20 Oct 2020 | Lee Xiong, Chenyan Xiong, Ye Li, Kwok-Fung Tang, Jialin Liu, Paul Bennett, Junaid Ahmed, Arnold Overwijk
This paper presents Approximate Nearest Neighbor Negative Contrastive Learning (ANCE), a novel method for dense text retrieval that addresses the limitations of traditional sparse retrieval. Dense retrieval (DR) aims to improve retrieval performance by learning dense representations of text, but it often underperforms sparse methods like BM205. The key challenge in DR is selecting effective negative samples during training, as local negatives within a batch are not informative and lead to slow convergence. ANCE addresses this by selecting global negatives from the entire corpus using an asynchronously updated approximate nearest neighbor (ANN) index, which allows for more effective learning.

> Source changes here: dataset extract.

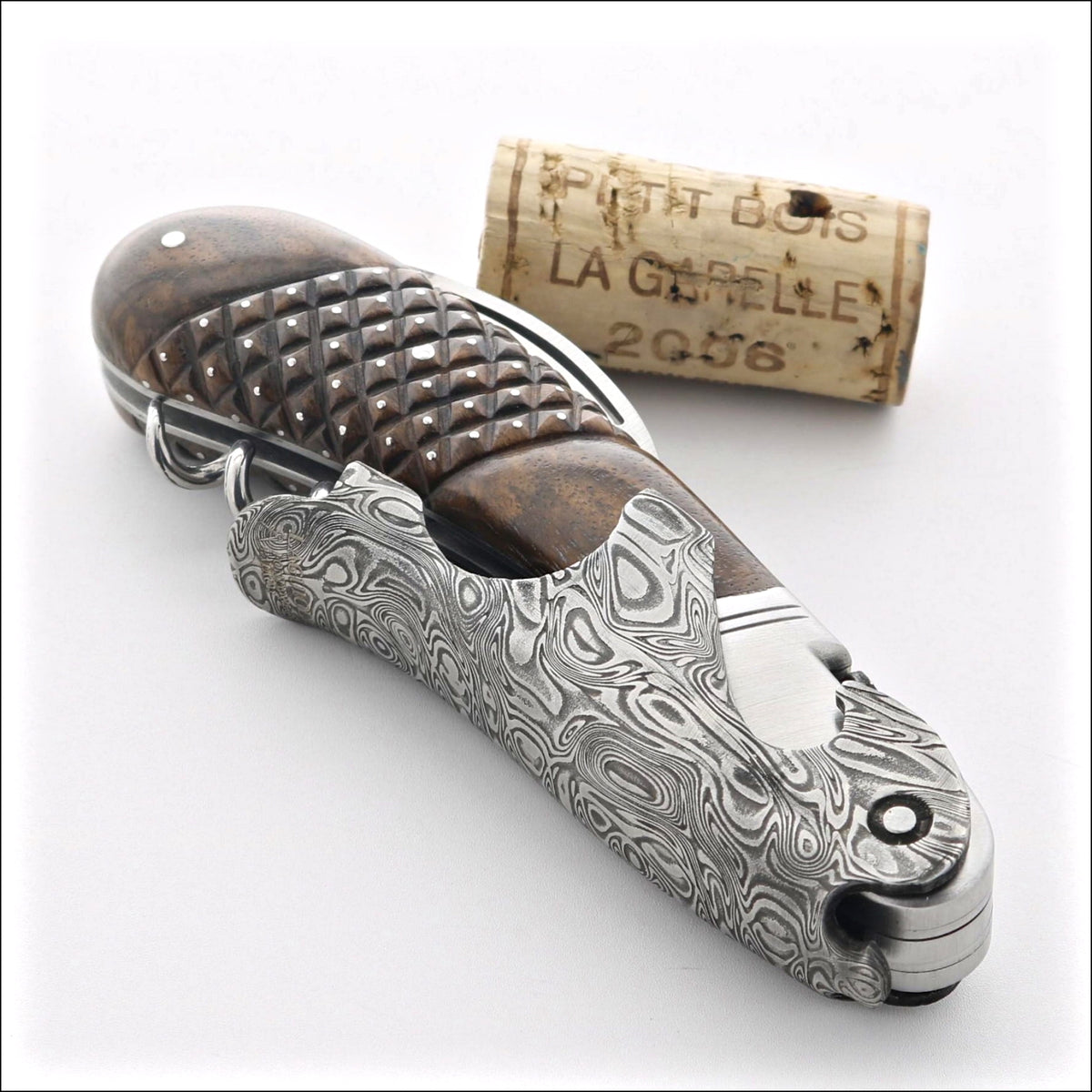 Laguiole Magnum Damascus Studded Burled Walnut Corkscrew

The paper theoretically analyzes the convergence of dense retrieval training, showing that local negatives lead to diminishing gradient norms and high variance in stochastic gradients, which hinder learning. ANCE constructs global negatives by using the current DR model to retrieve from the entire corpus, aligning the distribution of negative samples with irrelevant documents. This approach improves training convergence and leads to better performance in various retrieval tasks, including web search, question answering, and commercial search environments.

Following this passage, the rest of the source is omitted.